Jamf Nation Community

Does your NetBoot image name have spaces in it?

No spaces in the name, just 10.11.1-NBI.nbi as it's listed in the .conf file.

The NetBoot image was created by DeployStudio Assistant with identical settings to the last one we made (which worked on the old NetSUS server). It looks to be in XML format when I open it on my Mac.

The problem is that you can have Binary XML, which automatically gets read out as plaintext by most of the good text editors (read: TextMate, TextWrangler, Bbedit, etc...). The 'defaults' and 'PlistBuddy' commands write in binary XML by default.

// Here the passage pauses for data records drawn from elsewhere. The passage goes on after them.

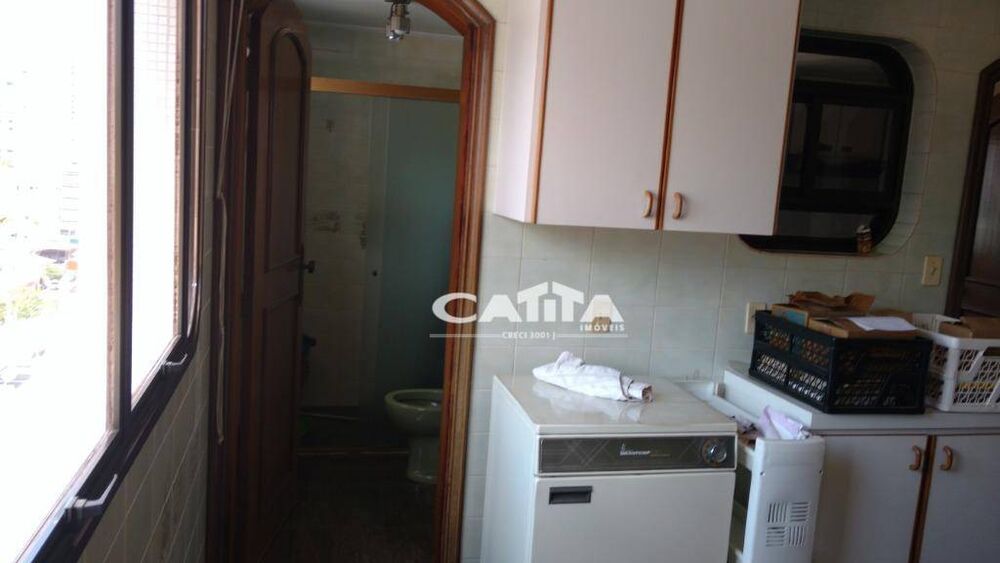 Apartamento à venda com 4 quartos, 233m² - Foto 2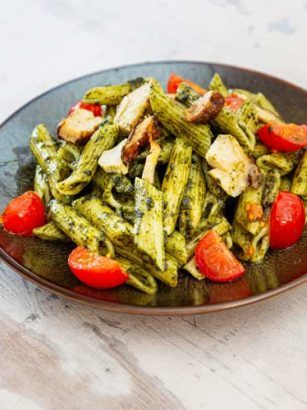 Pasta pesto met kip maken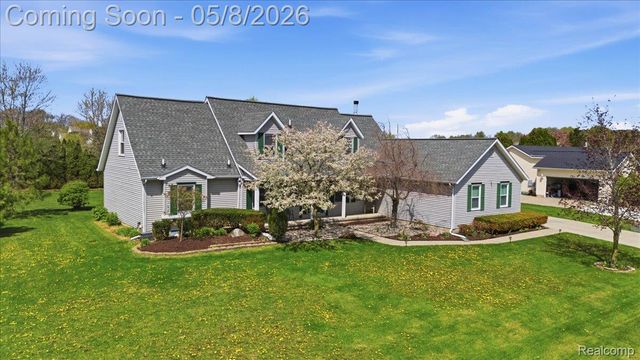 9514 Aspen View Drive, Grand Blanc Charter Township, MI 48439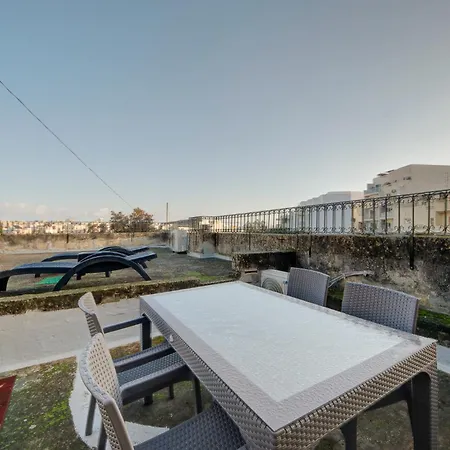 Charming 2br Townhouse With Rooftop Terrace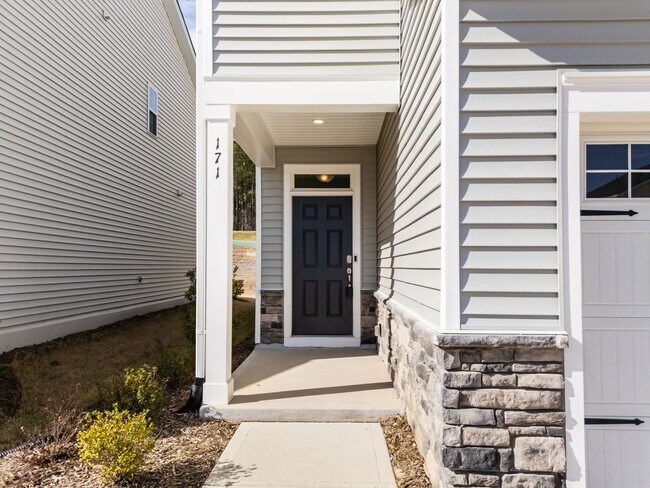 Photo - Charming 3BD/2.5BA Located In raleigh NC!!!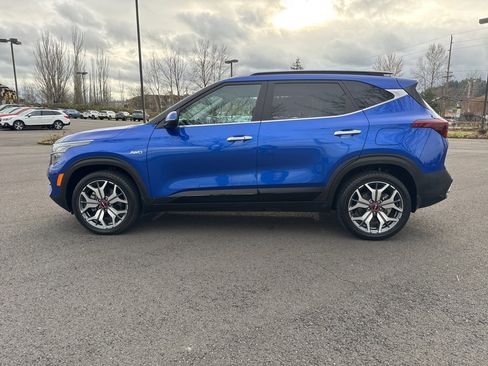 Used 2022 Kia Seltos SX w/ Sunroof Package image 4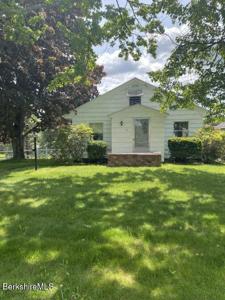 11 Oriole St
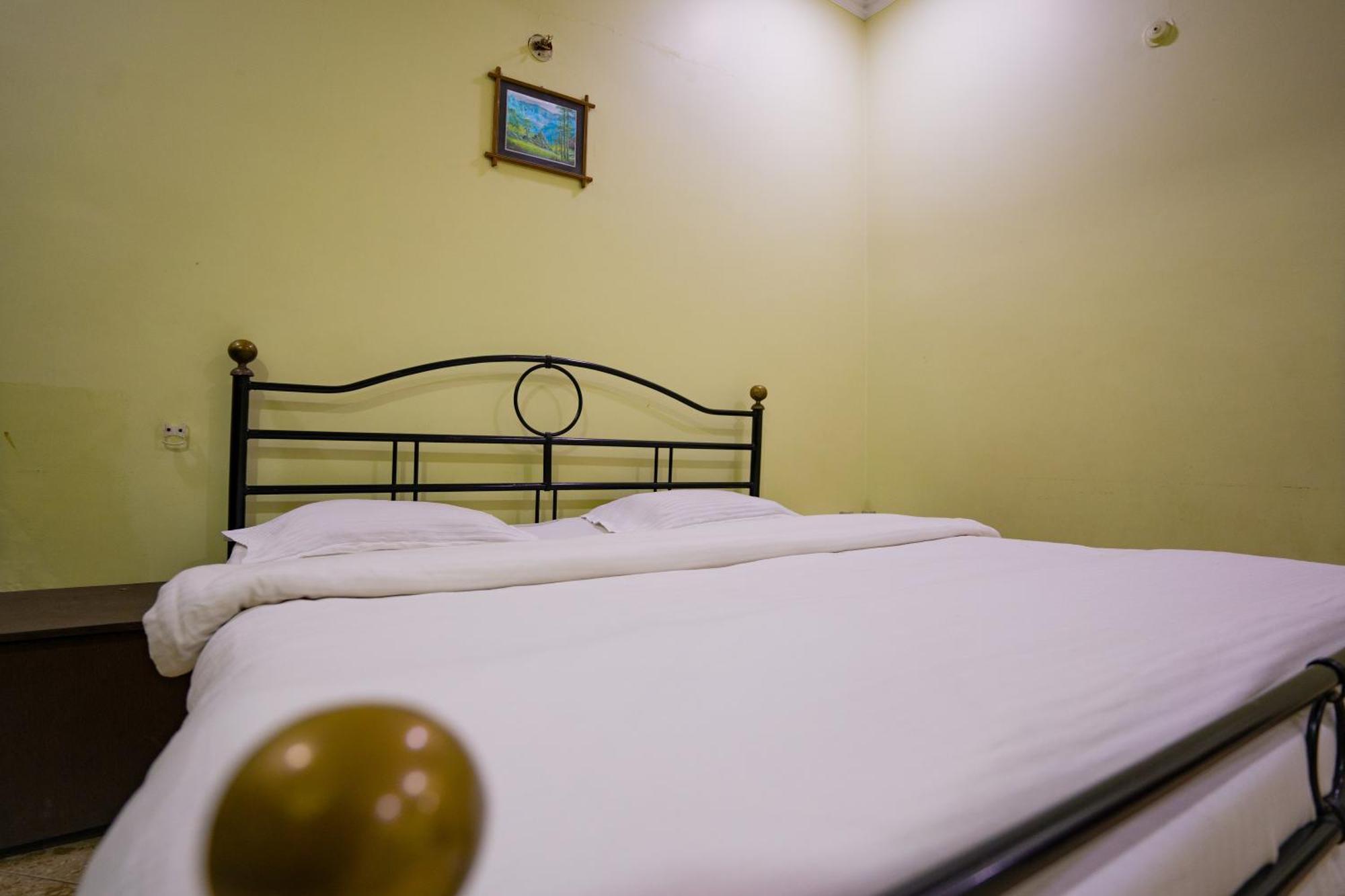 Hotel Girdhar Mahal 印多尔 外观 照片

trenzalore:~ wmcgrath$ defaults write preferenceFile Foo -string foo
trenzalore:~ wmcgrath$ defaults read preferenceFile Foo
foo
trenzalore:~ wmcgrath$ cat Library/Preferences/preferenceFile.plist 
bplist00?SFooSfoo
trenzalore:~ wmcgrath$ plutil -convert xml1 Library/Preferences/preferenceFile.plist 
trenzalore:~ wmcgrath$ cat Library/Preferences/preferenceFile.plist 
<?xml version="1.0" encoding="UTF-8"?>
<!DOCTYPE plist PUBLIC "-//Apple//DTD PLIST 1.0//EN" "http://www.apple.com/DTDs/PropertyList-1.0.dtd">
<plist version="1.0">
<dict>
    <key>Foo</key>
    <string>foo</string>
</dict>
</plist>

You should try converting just to be sure!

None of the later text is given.